「タイタニック」

 改めてみるとこの作品、これ以上無いってくらいに王道なロマンスものですね。普通だったらちょっと色気を出して美味しい脇役とか主人公の意外な欠点とかいった味付けを描きそうなものなのに、そういうところを綺麗さっぱり排除していて潔さすら感じさせます。しかもそういった付加要素無しに三時間超の長丁場をだれることなく描ききった。エピソードの時間配分も過不足無く、見事です。これは文句なしにジェームズ・キャメロン監督の手柄ですね。ただ、船が沈没し始めた後にある主役カップルと恋敵の追いかけっこ。あれは無い方がいい。特に船内でインディー・ジョーンズ張りのアドベンチャーを見せてしまうのはやりすぎです。見ている分には楽しいけれど、スケールが一気に縮まってしまう上、話全体のバランスを考えると明らかに浮いているし、無くても何の支障も無いシーンでしょう。実際に起こった悲劇と言うことを考えるとノー天気に過ぎるような気もします。
 今回個人的にツボだったのがバーナード・ヒル演じる船長のヒゲの美しさ。色といい形といい、見れば見るほど完璧です。テリー・ギリアムの「バロン」に出てくるユマ・サーマンよろしく、ヒゲフェチになってしまいそうな勢いです。あと、船員さんがみんなかっこよかったのも最高でした。
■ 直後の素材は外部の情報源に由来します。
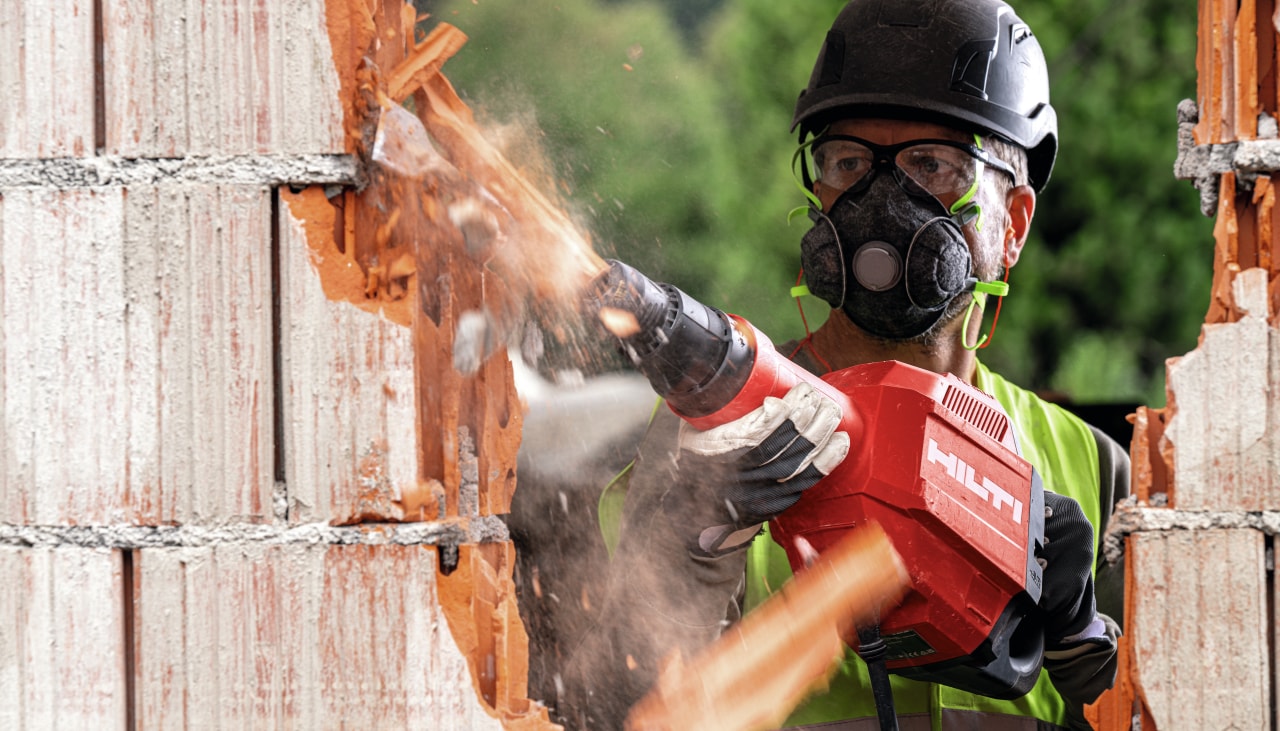 Worker breaking through wall with TE 600-AVR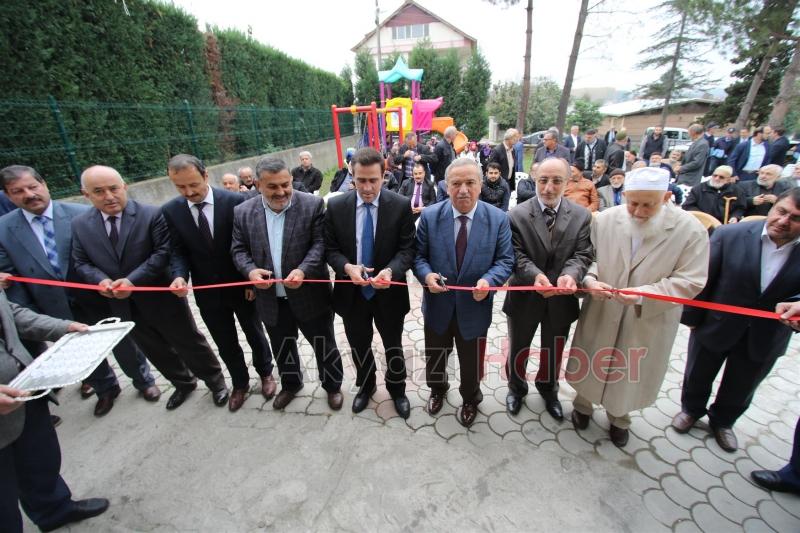 ALTINDERE’DE BEKİR COŞKUN KURAN KURSU DUALARLA AÇILDI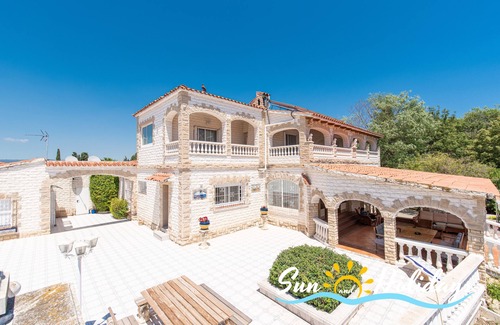 Sant Salvador Villa | Singular Paradis villa with private pool 400m from the beach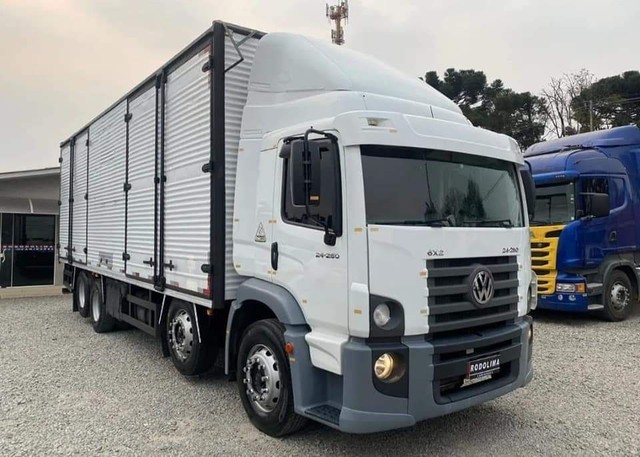 CAMINHÃO VOLKSWAGEN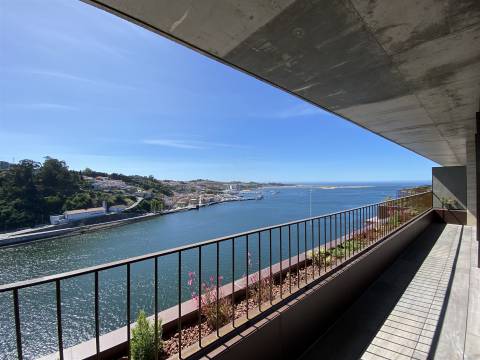 Apartamento luxo  c/33mt de frente de Rio e 333m2. Junto à Foz.
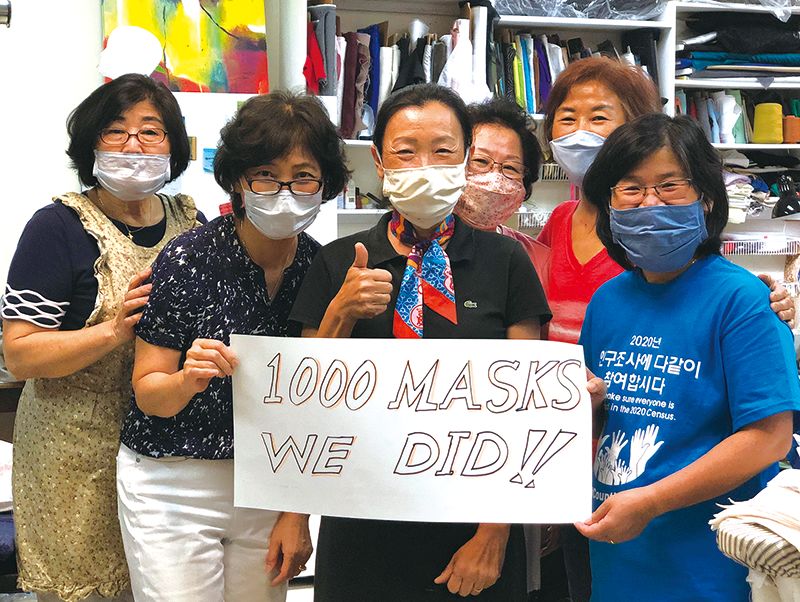 휴스턴 한인사회 마스크 제작 자원봉사팀원들이 1000장의 마스크를 제작한 뒤 서로를 격려하며 함께 한 모습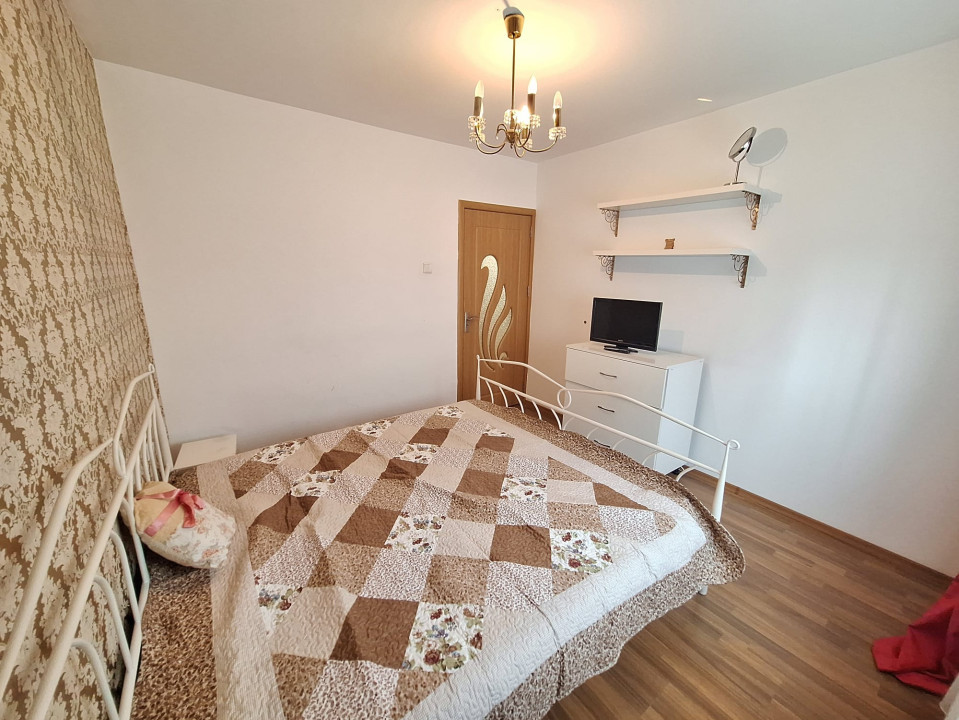 Apartament de Închiriat - 3 Camere, Cartierul Ștrand, Parter - 67 mp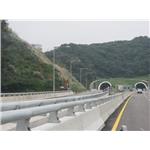 單層鋼管護欄 - 子強金屬工業有限公司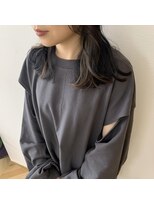 シーラス(cirrus)&nbsp;【mori担当】ブルージュ×ベージュインナーカラー20代/30代/40代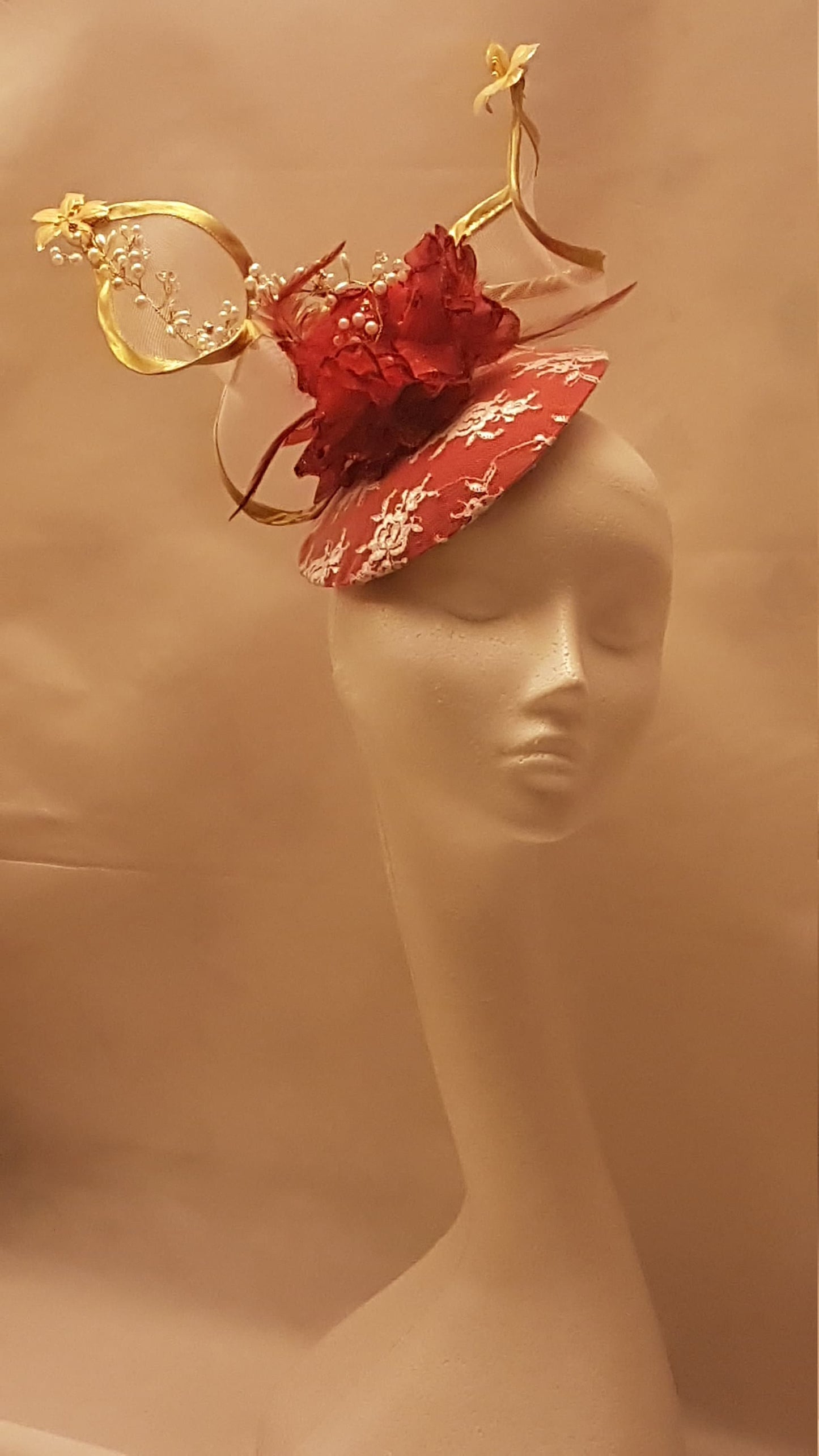 Chapeau fascinateur, mariage, derby Kentecy, chapeau Royal Ascot, chapeau fascinateur en plumes ROUGES, chapeau tourbillonnant pour femme à bord doré avec vigne en perles de cristal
 それから、ジェームズ・キャメロンが強い女好きなのは周知の事実なのですが、「マサカリを握り締めて恋人の元に駆けつける乙女」というシーンはちょっと笑ってしまいました。全体的に非常に大衆を意識した作りの作品なのですが、ここだけはキャメロンの趣味が炸裂してしまった感じですね。画的にも「シャイニング」を髣髴とさせる危険な香りがして素敵です(笑)。